The months of multiple inquiries have centered on issues involving “moral integrity” — a term that legal experts said could include suspicions of breach of trust, conflict of interest and bribery.
Much of Mr. Mandelblit’s statement was devoted to prior cases that were closed because of lack of evidence of crimes, including a travel expense scandal known as Bibi Tours, using Mr. Netanyahu’s nickname, and one about campaign funding in 2009.
Mr. Netanyahu, who is serving his third consecutive term since that election, and his fourth over all, denounced those inquiries in a Facebook post.
“Bibi Tours — nothing! Claim of forbidden election funding — nothing!” he wrote, describing reports in the Israeli news media over the years as “daily persecution of me and my family” and “complete gibberish.”
Israeli law requires a prime minister to resign if convicted of serious crimes. But in a precedential ruling in 1993, the Israeli Supreme Court determined that a cabinet minister, Aryeh Deri, had to resign immediately after the attorney general submitted an indictment against him for corruption.
“If everyone who faces an investigation would have to resign, this could turn into a tool used to politically destroy others,” Ayelet Shaked, the justice minister, told Israel Radio. “This is why the idea that resigning should only be after an indictment is a correct one,” she added.
Monday was not the first time Mr. Netanyahu had been questioned as a criminal suspect while in office. During his first term, in the late 1990s, he was queried in a case that involved the appointment of an attorney general as part of what the police said was a political deal involving Mr. Deri. Mr. Netanyahu was never charged in that case, nor in several others for which he was investigated while out of office.
Other Israeli prime ministers, too, have been the subject of police investigations into allegations of campaign irregularities and corruption. Ehud Barak and Ariel Sharon were both questioned. Mr. Netanyahu’s predecessor, Ehud Olmert, was forced from office in 2008, even before any charges were filed against him, and became the first former Israeli prime minister to enter prison. He is serving a 19-month term for bribery and obstruction of justice.
Moshe Katsav, a former president, was recently released from prison after serving five years of a seven-year term for rape.
Some of Mr. Olmert’s supporters felt he was the victim of an overzealous state prosecutor, though many Israelis take pride in the fact that nobody is immune from the law.
But with Netanyahu loyalists asserting that he is the victim of a political witch hunt, some right-wing legislators are now trying to advance a bill that would ban criminal investigations of incumbent prime ministers. (Any such legislation would likely come too late to spare Mr. Netanyahu.)

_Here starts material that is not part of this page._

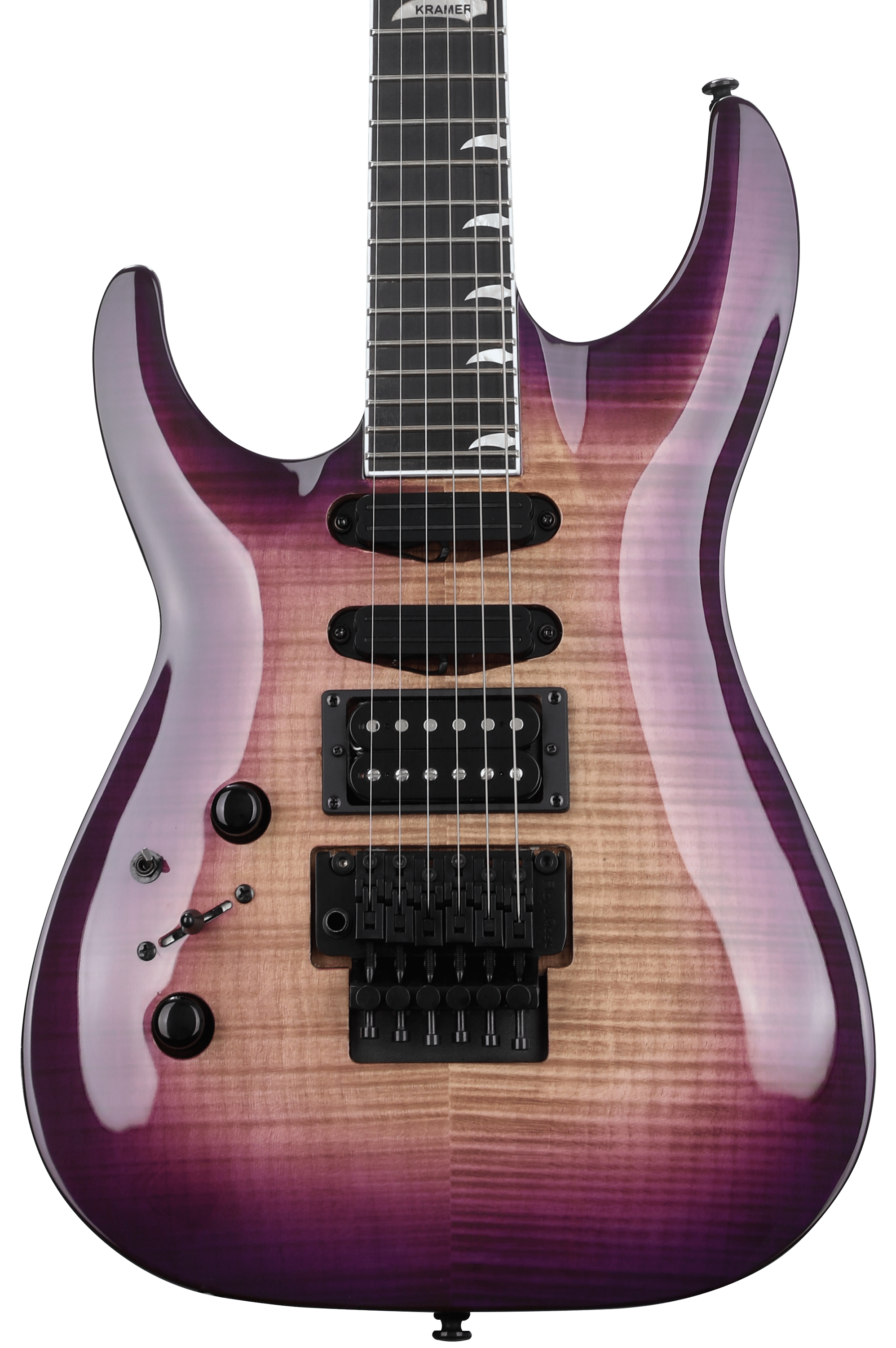 星条旗　kramer sm-1 figured トレモロアーム、 Kramer SM-1 Figured Left-Handed Electric Guitar | zZounds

Critics of the bill argue that such a ban would be problematic in a small country like Israel, and with a political system that has no term limit for prime ministers.
“If prime ministers knew there would be an investigation only after their term was over, they would turn the prime minister’s office into a safe haven and use the powers and resources of the state to extend their stay in office and avoid prosecution,” said Yohanan Plesner, the president of the Israel Democracy Institute, a nonpartisan research center in Jerusalem.
Mr. Plesner, a former Parliament member, added that suspicions would still surface in the news media and if they were not formally investigated, public trust in political institutions could erode.
When Mr. Olmert was under investigation, it was Mr. Barak, then his defense minister — though from a different political party — who pushed him to leave office. Israel’s coalition governments have an inherent weakness, in that parties participating in the coalition are often also political rivals competing for votes in the next election.
So far Mr. Netanyahu’s party and coalition partners appear to be backing him, either voicing support or remaining silent.
But the investigation could last for months, if not more, and that could create political strain.
For now, Mr. Plesner said, “whoever is critical of Mr. Netanyahu will use this to continue to be critical, and his supporters will find their ways to interpret it.”